Douglas A. McIntyre is the co-founder, chief executive officer and editor in chief of 24/7 Wall St. and 24/7 Tempo. He has held these jobs since 2006.

McIntyre has written thousands of articles for 24/7 Wall St. He is an expert on corporate finance, the automotive industry, media companies and international finance. He has edited articles on national demographics, sports, personal income and travel.

His work has been quoted or mentioned in The New York Times, The Wall Street Journal, Los Angeles Times, The Washington Post, NBC News, Time, The New Yorker, HuffPost USA Today, Business Insider, Yahoo, AOL, MarketWatch, The Atlantic, Bloomberg, New York Post, Chicago Tribune, Forbes, The Guardian and many other major publications. McIntyre has been a guest on CNBC, the BBC and television and radio stations across the country.

A magna cum laude graduate of Harvard College, McIntyre also was president of The Harvard Advocate. Founded in 1866, the Advocate is the oldest college publication in the United States.

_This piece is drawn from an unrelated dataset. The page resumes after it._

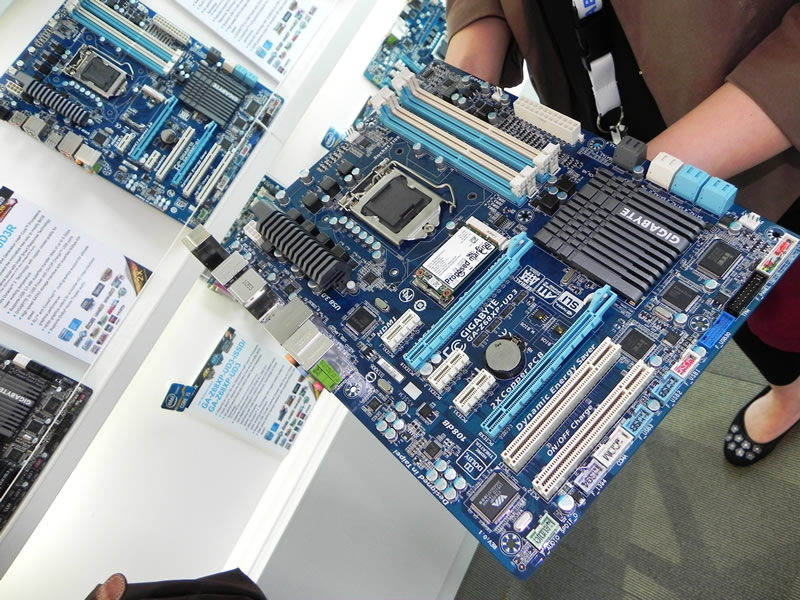 GIGABYTE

TheStreet.com, Comps.com and Edgar Online are some of the public companies for which McIntyre served on the board of directors. He was a Vicinity Corporation board member when the company was sold to Microsoft in 2002. He served on the audit committees of some of these companies.

McIntyre has been the CEO of FutureSource, a provider of trading terminals and news to commodities and futures traders. He was president of Switchboard, the online phone directory company. He served as chairman and CEO of On2 Technologies, the video compression company that provided video compression software for Adobe’s Flash. Google bought On2 in 2009.